*** Information given Section Begins ***
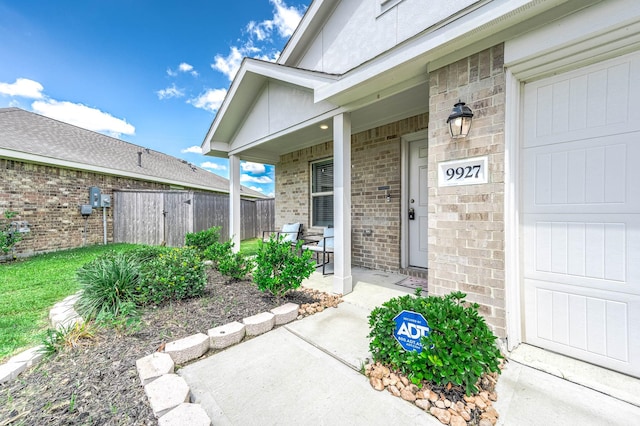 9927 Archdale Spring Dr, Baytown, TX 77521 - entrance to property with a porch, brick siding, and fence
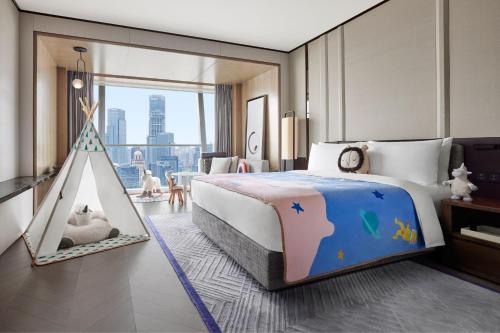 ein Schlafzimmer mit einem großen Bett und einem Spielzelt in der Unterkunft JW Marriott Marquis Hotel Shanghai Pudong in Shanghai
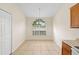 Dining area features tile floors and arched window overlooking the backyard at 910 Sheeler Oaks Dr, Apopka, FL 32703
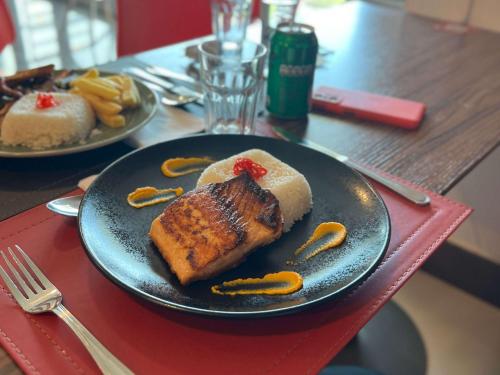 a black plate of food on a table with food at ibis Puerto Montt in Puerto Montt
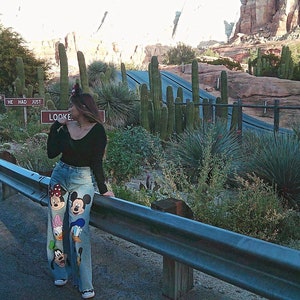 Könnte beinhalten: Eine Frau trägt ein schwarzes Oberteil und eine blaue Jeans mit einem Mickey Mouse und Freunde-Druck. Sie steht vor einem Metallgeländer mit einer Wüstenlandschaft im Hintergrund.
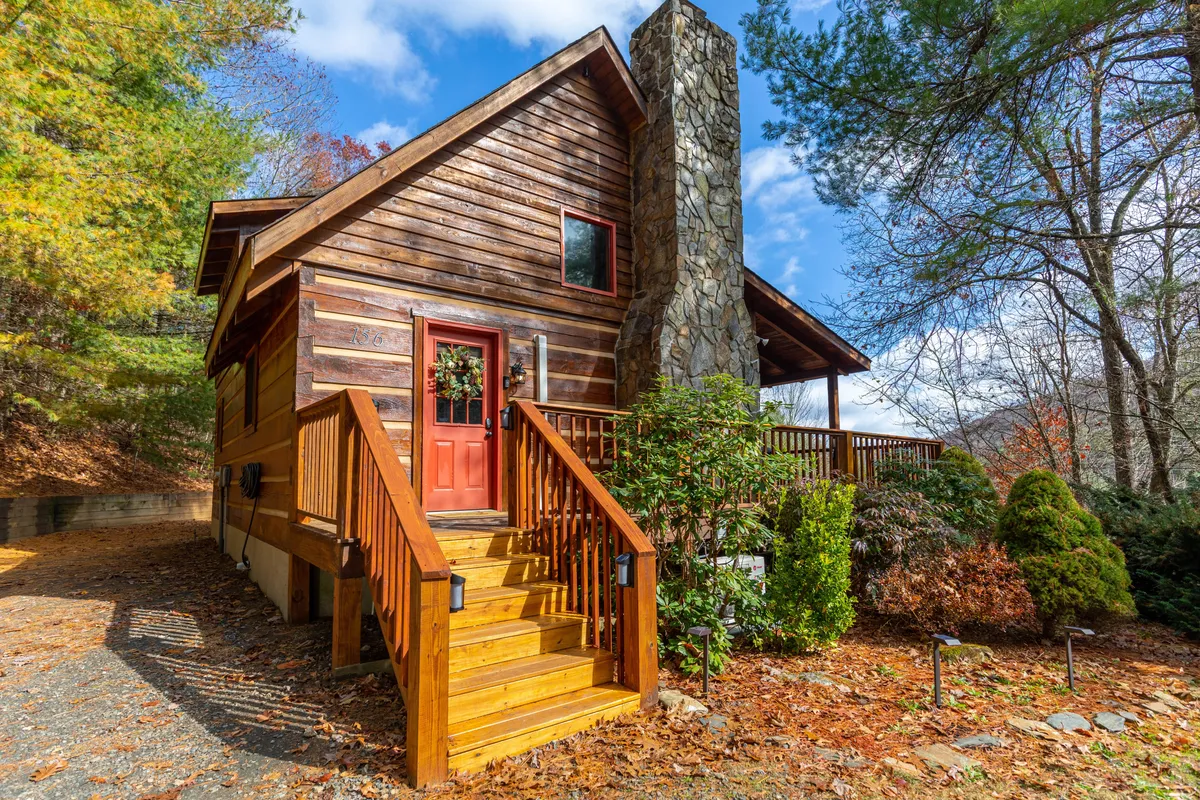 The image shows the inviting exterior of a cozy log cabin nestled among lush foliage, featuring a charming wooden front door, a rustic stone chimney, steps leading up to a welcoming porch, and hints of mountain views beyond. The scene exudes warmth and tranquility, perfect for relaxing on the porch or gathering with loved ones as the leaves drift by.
*** Information given Section Ends ***
### What to produce
Only the lines from the start of the records through the line containing "ein Schlafzimmer mit" should be repeated, word for word, with the pictures left out.

### Exercise solution
 9927 Archdale Spring Dr, Baytown, TX 77521 - entrance to property with a porch, brick siding, and fence
 ein Schlafzimmer mit einem großen Bett und einem Spielzelt in der Unterkunft JW Marriott Marquis Hotel Shanghai Pudong in Shanghai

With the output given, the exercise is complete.